DPPA (Driver's Privacy Protection Act)

What DPPA actually does

The DPPA (18 USC §§2721-2725) passed in 1994. Congress named the law for the 1989 murder of actress Rebecca Schaeffer — her stalker had paid a Tucson detective agency $250 to pull her home address from California DMV records. The 1999 Amy Boyer case, where a different stalker paid a different broker for a workplace address, prompted Remsburg v. Docusearch (NH 2003), the first state-supreme-court ruling that brokers owe a duty of care to the people whose data they sell. The trigger: actress Rebecca Schaeffer was murdered by a stalker who paid a PI to pull her home address from the California DMV.

It restricts what every state DMV can disclose about you — name, home address, phone, SSN, driver ID number, photo, height, weight, gender, age, and medical or disability info from your driving record. SSN, photo, and medical or disability info are flagged as "highly restricted" — express written consent is required for most uses.

The default rule: none of that can be sold or disclosed by the DMV or by anyone downstream who got it from the DMV. The exceptions are listed as "permitted purposes" — specific situations the law allows.

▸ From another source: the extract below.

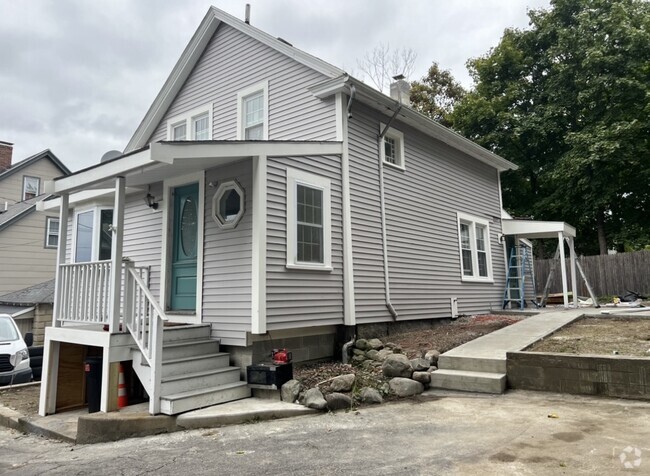 Building Photo - 904 Main St Rental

Permitted purposes (the carve-outs)

The statute lists 14 carve-outs — mostly government use, fraud verification, insurance, and court use. The full list is in 18 USC §2721(b).

The three you're most likely to run into:

• Government agency use — your own agency pulling records for legitimate work.
• Fraud verification — businesses confirming a person's identity to prevent fraud.
• Insurance underwriting and claims — insurers checking your driving record.

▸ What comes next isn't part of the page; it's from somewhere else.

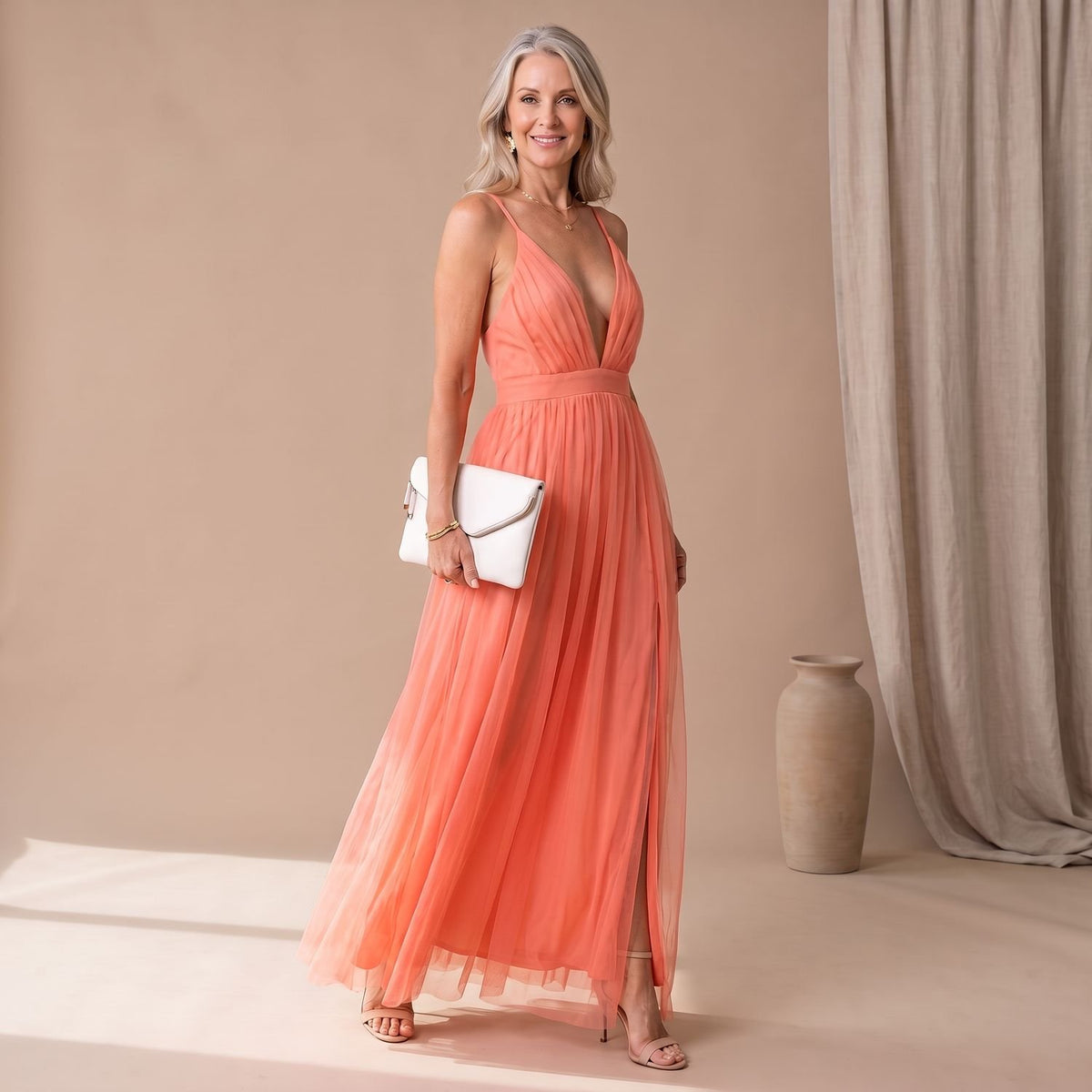 Women's Deep V-Neck Spaghetti Strap Tulle Maxi Formal Dress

The "research" exception and the "fraud verification" exception have been the contested ones in court. Brokers have tried various permitted-purpose arguments. Some lost.

Recent enforcement

Civil DPPA suits have been steady, but the new front in 2025–2026 is automated license plate readers. ALPR vendors and the police agencies that buy from them are facing a wave of DPPA litigation over plate-data sharing pipelines that arguably leak DMV-derived info beyond permitted purposes. If your agency runs ALPR data through a private vendor, the legal risk on that pipeline is no longer theoretical.

DPPA penalties are real. State DMVs face civil fines up to $5,000 per day. Knowing individual violations can run up to $10,000 in criminal fines. The private right of action — your right to sue them yourself — gets you actual damages with a $2,500 floor per violation, plus punitive damages and attorney's fees if it's willful.

What it doesn't reach

DPPA is a federal statute that binds the DMV's disclosure pipeline. It doesn't reach:

1. Data brokers that obtained DMV-equivalent data through other channels. Vehicle registration data sometimes appears in commercial broker files sourced from leaks, breaches, or third-party aggregators that were never bound to a permitted-purpose certification.
2. Voter rolls, property records, court filings, and other public-records sources that overlap with DMV data. These are governed by state laws, not DPPA.
3. Brokers operating outside the US. DPPA enforcement runs through federal court — that's the legal basis to file. Offshore actors are practically out of reach.

What we do

We can't sue brokers for DPPA violations on your behalf — that's a separate legal action. But we can clear the broker-side exposure that DPPA was supposed to prevent. Standard opt-outs across 200+ broker sites, re-checked every two weeks. If you're an active or retired officer in a state with DMV-confidentiality flags (CA Vehicle Code §1808.4, NJ §39:2-3.4, others), file the state-level confidentiality designation in addition to using us. Belt and suspenders.

If you have evidence a specific broker pulled your DMV record without a permitted purpose, that's a DPPA case for an attorney.